Tak od około 120km/h siła oporu powietrza jest kwadratem prędkości. Żeby fura latała 200 musi mieć moc !. Można by powedzieć, że teoretycznie żadna 1.3 90KM przy przy słabej aerodynamiece nie poleci 200, ale tak nie jest - wystarczy wsadzić inną skrzynię i pokręcić do 7200rpm na 5 i już
. Na moc osiąganą przez auto ma wpływ wiele czynników, lecz są cztery na które możemy dość łatwo wpływać - ustawienie zapłonu, jakośc paliwa, dolot powietrza i wydech.
1. ustawić zapłon IDEALNIE ! - i tu uwaga - żaden silnik po planowaniu głowicy nie będzie miał nigdy ustawionego idealnie zapłonu ! Głowica po planowaniu schodzi w dół 1-3mm a tym samym zależne kąty wału i wałka rozrządu (także kąty otwarcia i zamknięcia zaworów) zostają przesunięte względem siebie. Trzeba poprostu wyczuć jak fura najlepiej ciągnie i przesuwać dosłownie o -/+ 0,5mm.
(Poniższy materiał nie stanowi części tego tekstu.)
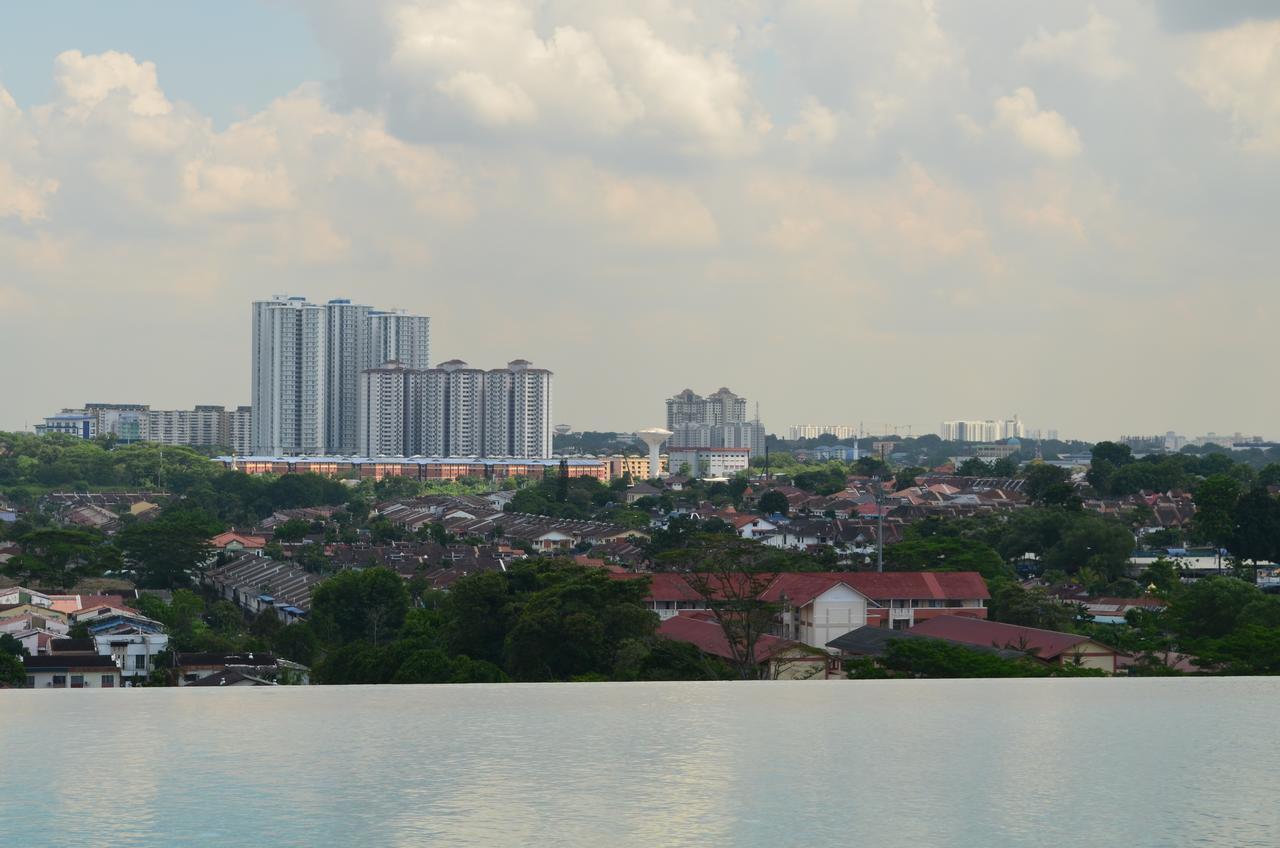 1 Tebrau Suites By Subhome Johor Bahru Esterno foto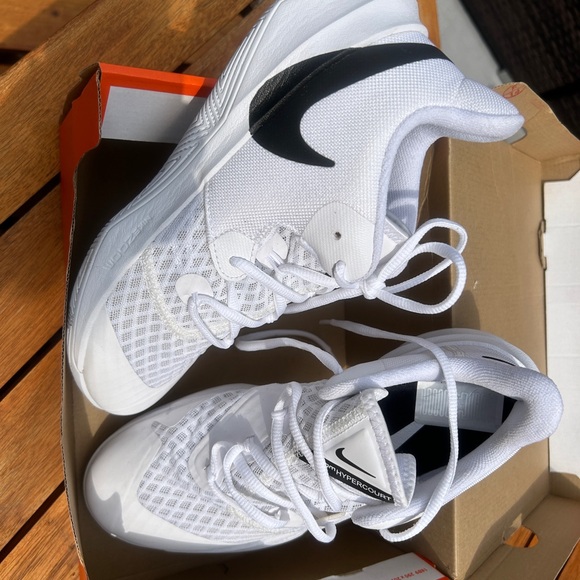 New Nike Zoom Hyper Speed Court Shoes. Women’s size 9, Men’s 7.5 - Picture 3 of 4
2. Jakośc paliwa.. chyba każdy wie, że 95 a V-Power czy Verva to różnica.
3. Dolot - precyzyjnie dobrany i policzony. Najlepiej dla pokazania różnicy proponuję na chwilę wyjąć całkiem pudła przed przepustnicą i się przejechać. Samochód nabiera dźwięku jak rasowa V8 i na dodatek lata !!!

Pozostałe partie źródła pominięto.